[Crawled caption data]

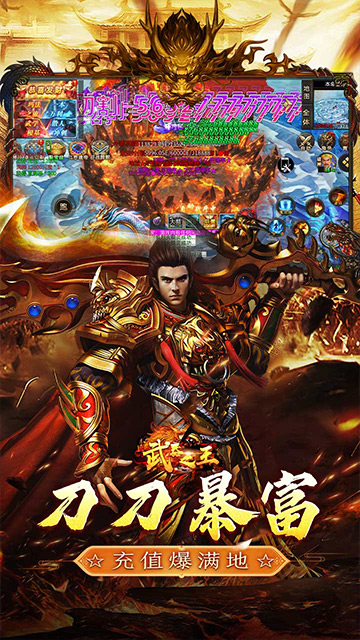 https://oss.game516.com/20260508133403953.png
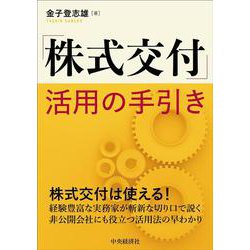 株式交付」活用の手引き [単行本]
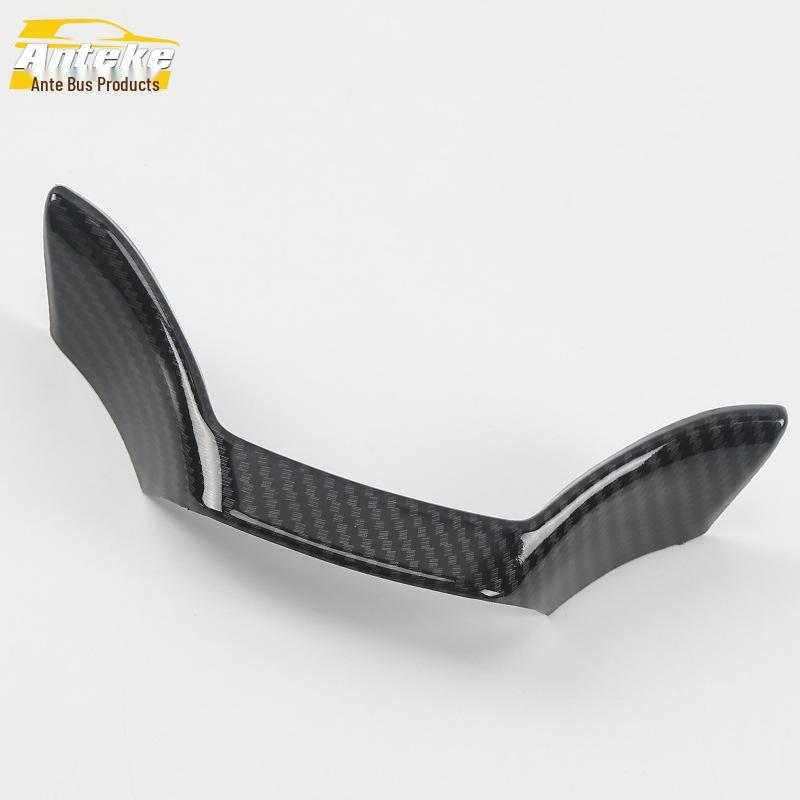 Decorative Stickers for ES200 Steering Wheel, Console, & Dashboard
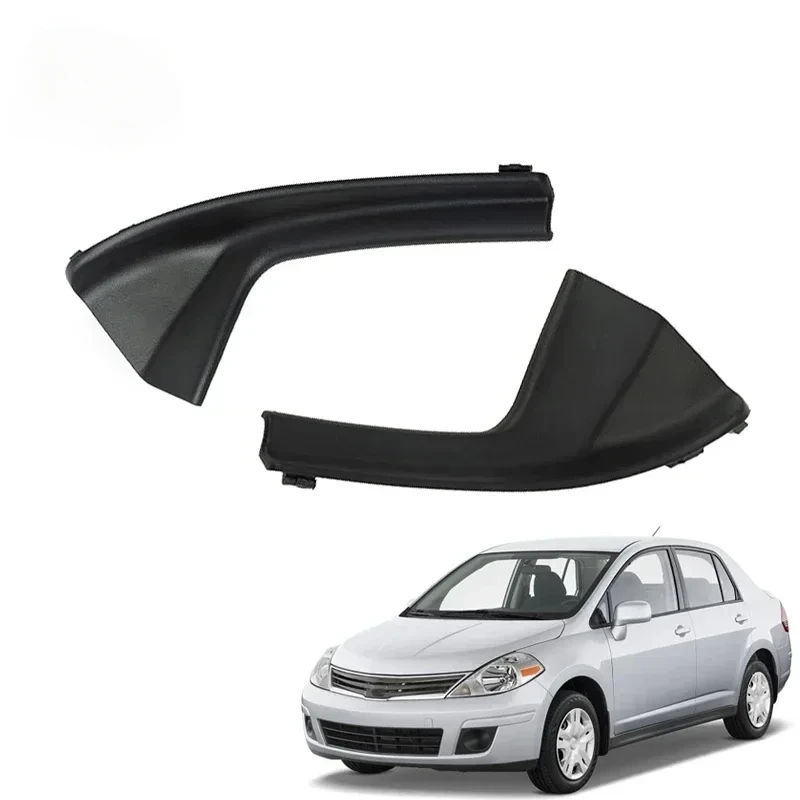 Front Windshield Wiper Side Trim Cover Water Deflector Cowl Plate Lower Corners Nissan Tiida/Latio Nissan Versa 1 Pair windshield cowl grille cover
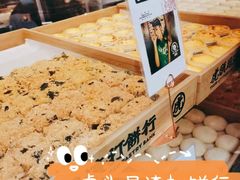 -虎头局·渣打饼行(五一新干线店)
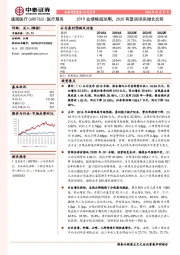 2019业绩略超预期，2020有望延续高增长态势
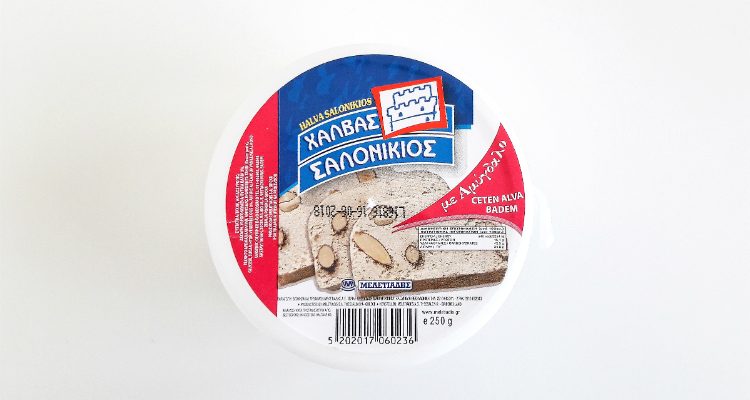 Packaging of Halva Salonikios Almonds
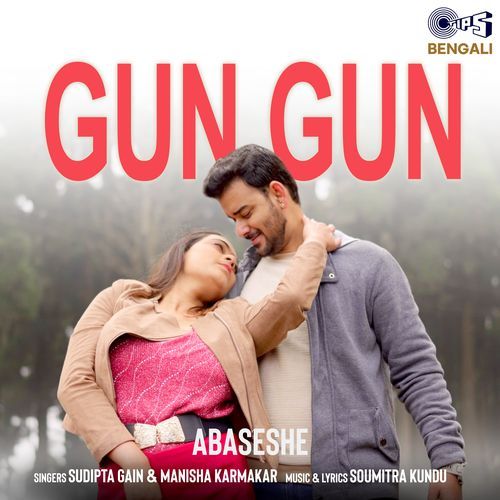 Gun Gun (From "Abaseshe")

TASK ITEM.
Could you repeat exactly the lines from the one containing "2019业绩略超预期，2020有望延续高增长态势" through the last line of the records, both included, without the pictures?

SOLVED PROBLEM.
 2019业绩略超预期，2020有望延续高增长态势
 Packaging of Halva Salonikios Almonds
 Gun Gun (From "Abaseshe")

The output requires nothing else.